JAKARTA - Indonesia Coruption Watch (ICW) mempertanyakan dasar perhitungan dan pemberian pembebasan bersyarat oleh Direktorat Jendral Pemasyarakatan (Ditjen Pas) Kementerian Hukum dan HAM (Kemenkumham) terhadap mantan Jaksa Urip Tri Gunawan. Menurutnya, remisi ini menyalahi aturan karena diberikan sebelum Urip menjalani sepertiga masa tahanan.
"Ini sangat disayangkan, apalagi remisi kepada Urip diberikan sebelum yang bersangkutan menjalankan sepertiga masa pidana, sebagaimana disyaratkan dalam pasal 34 PP 28/2006 (tentang syarat dan tata cara pelaksaan hak warga binaan pemasyarakatan)," kata anggota Divisi Hukum dan Monitoring Peradilan ICW Laola Easter kepada Okezone, Kamis (18/5/2017).
Laola tak bisa menerima Argumen Kemenkumham yang tidak membelakukan PP 28/2006 kepada Urip melainkan PP 99/2012 karena berarti pemerintah telah bersikap tidak adil kepada semua narapidana.
Agar kejadian seperti Urip tidak terulang, ICW pun mendorong Kemekumham untuk mencabut surat edaran Menkumham bernomor M.HH-04.PK.01.05.06 tahun 2013 yang membatasi penerapan PP 99/2012. Dalam surat itu menyebutkan sejumlah syarat ketat pemberian remisi dan pembebasan pelaku pidana khusus seperti koruptor.

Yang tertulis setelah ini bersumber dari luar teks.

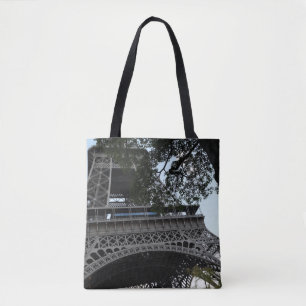 Torre Eiffel a través de la bolsa de asas de los
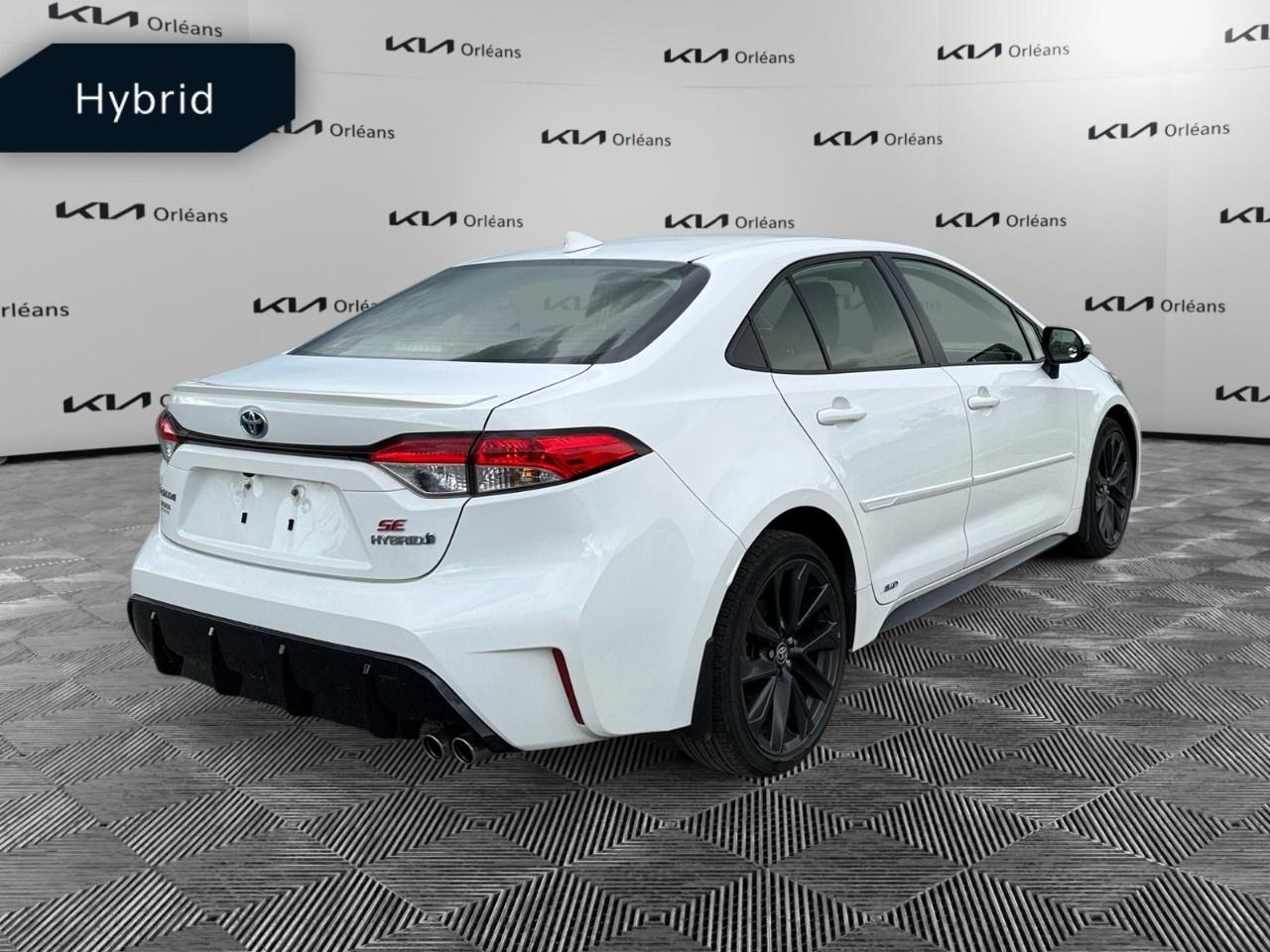 2023 Toyota Corolla Hybrid SE AWD (GS) Photo
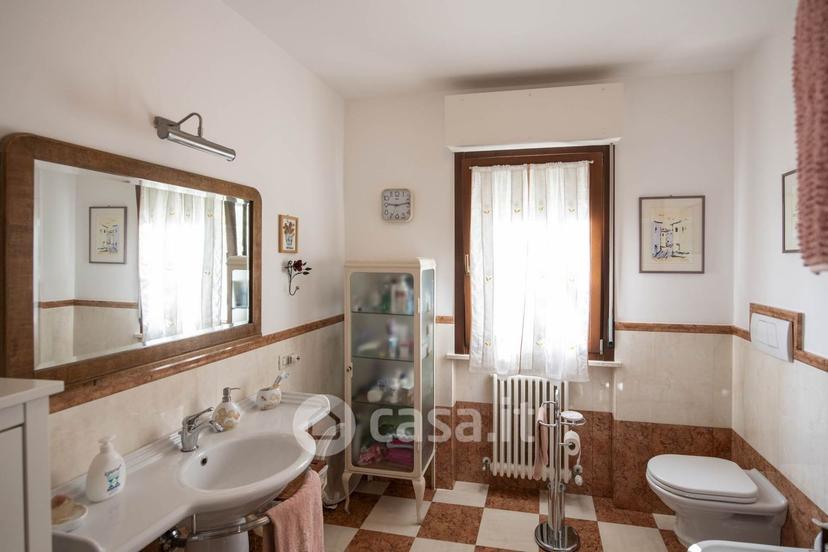 Villa in Via G. Brodolini 49 — foto 44 di 52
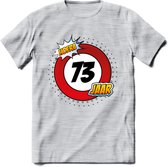 73 Jaar Hoera Verkeersbord T-Shirt | Grappig Verjaardag Cadeau | Dames - Heren | - Licht Grijs - Gemaleerd - S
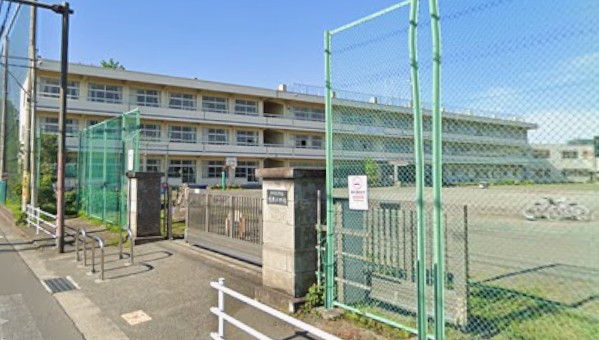 小学校　海老名市立有鹿小学校（小学校）まで379m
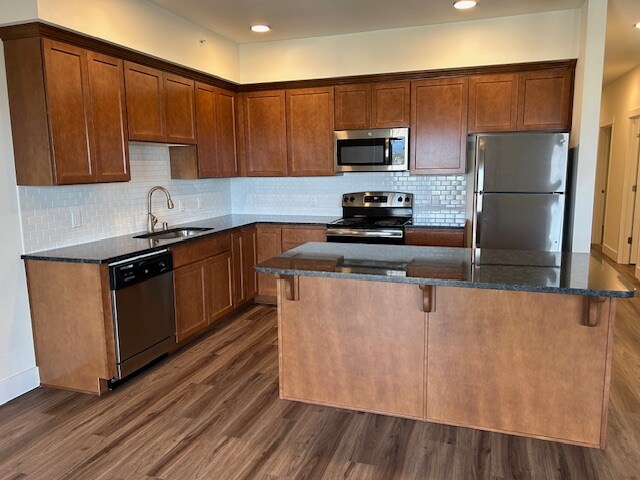 Foto del edificio - 700 N State St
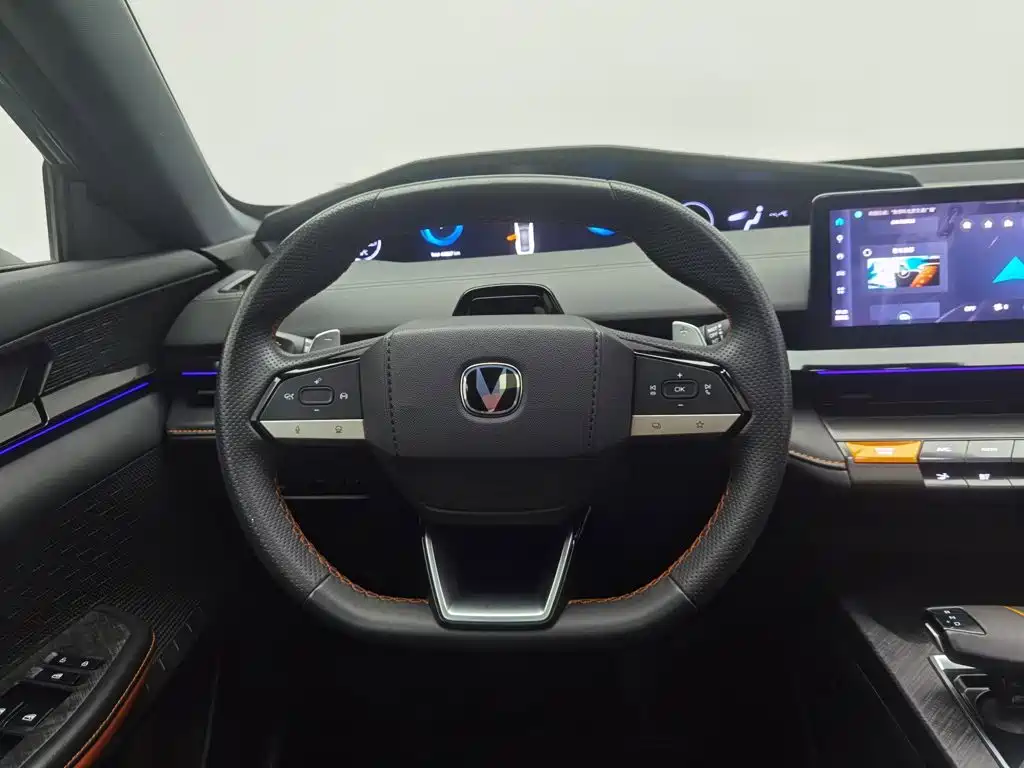 Changan UNI-V — миниатюра 11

Sebab dalam surat edaran tersebut pembebasan bersyarat dapat diterapkan untuk putusan pidana yang inkracht setelah 12 November 2012. "Makanya terapkan PP 99/2012 secara menyeluruh karena pengetatan syarat ada di sana," tukasnya.
Urip merupakan mantan jaksa di Kejaksaan Agung yang terjerat kasus suap dari Artalita Suyani senilai USD660 ribu dalam perkara BLBI yang ditanganinya. Majelis hakim menyatakan Urip bersalah dan diganjar hukuman 20 tahun penjara.
Dia bebas dari LP Sukamiskin Bandung, 12 Mei 2017. Dari total 20 tahun masa hukuman, dia baru menyelesaikan sembilan tahun masa hukuman.